The findings are from an unpublished research paper were discussed during the National Symposium on Tropical Meteorology; Climate Change and Coastal Vulnerability (Tropmet 2016) held by the India Meteorological Society at Siksha ‘O’ Anusandhan (SOA) University at Bhubaneshwar, Odisha between December 18 and 21. The paper states that 190 sq km of Mumbai’s 458.53 sq km could be flooded.
“As the population is increasing exponentially and the city is expanding fast, it is necessary to understand if our surroundings are safe,” said R Mani Murali, scientist from National Institute of Oceanography (NIO) and co-author of the paper along with Riyas MJ, Reshma KN and Santhosh Kumar.
“Going by previous studies by NIO researchers, we considered a 3mm rise (annually) in sea levels along Mumbai’s coast. That, coupled with factors such as natural calamities and tidal changes, will result in an approximate increase of 3m,” said Murali.

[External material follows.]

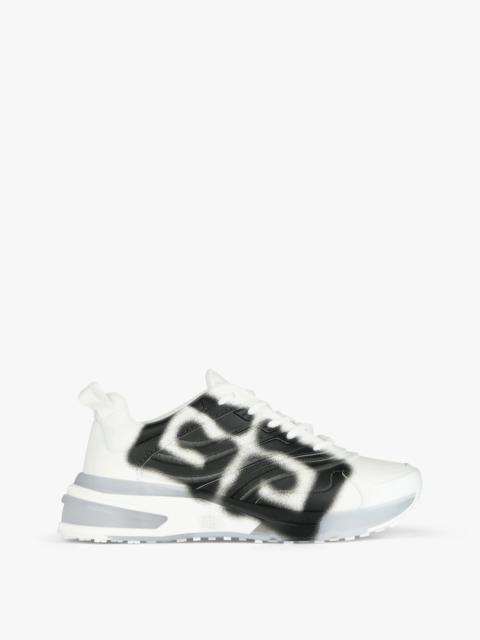 GIV 1 SNEAKERS IN LEATHER WITH TAG EFFECT PRINT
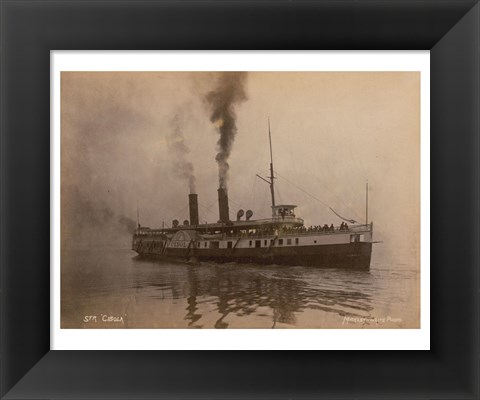 Framed Steamer Cibola - launched in 1887 Print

The study is under review by the scientific community and will be published soon. The project was undertaken after the state reached out to the NIO to understand the impact of climate change and sea level rise around the city. “Global warming — taking place as a result of global carbon emissions — is raising global temperatures. Currently, this has crossed 400 parts per million on a global scale, which is very high,” said Murali. “This leads to the melting of continental ice glaciers, and paves the way for a rise in sea levels owing to the thermal expansion of sea water.”
The study area included the western coast from Colaba in the south till Mira Bhayander and along the Thane creek on the eastern coast of the city. Mumbai has an average elevation above sea level of 14 metres with some coastal areas as low as 6m to 8m, rising to over 400 metres in the hill at Sanjay Gandhi National Park. “While a major part of the south Mumbai coastline has been protected using measures such as building walls and placing boulders, low lying creek areas are vulnerable as some are at the sea level (Gorai) while others are a mere 1.5m to 3m above sea level such as Mira Bhayander and areas around Andheri, Versova at Mumbai suburbs,” he said.
“While the projections need to be approved by the scientific community, the confidence level – low, medium, high – depending on whether the event will actually happen, needs to be included with the published study and communicated to the government, so that appropriate measures can be taken to tackle such a calamity,” said E Vivekanandan, consultant and scientist, Central Marine Fisheries Research Institute.
‘Essential to protect mangroves to save Mumbai from coastal inundation’
Mumbai’s mangrove forests that stabilise the coastline and control erosion are vital for protecting the city from the project coastal inundation, said scientists from National Institute of Oceanography. However, unabated destruction of mangrove trees continues with an average of one case every month.
“Most low-lying areas such as creeks, mudflats and wetlands that might fall prey to coastal inundation 100 years from now are protected due to Mumbai’s thick mangrove cover. If this cover is reduced, it could be disastrous for the city’s future as the inundation effect be severe,” said R Mani Murali, scientist from NIO.
How was the study done?
To get an idea about what could be the probable vulnerable areas, the study based on the 30 metre spatial resolution digital elevation model (3 D model), which identifies that there is an elevation from sea level at every 30m distance as per theory but it may not be true on ground. “We have developed a map with probable areas where the coastline may get altered and will be publishing the same once the review process is completed,” said Murali.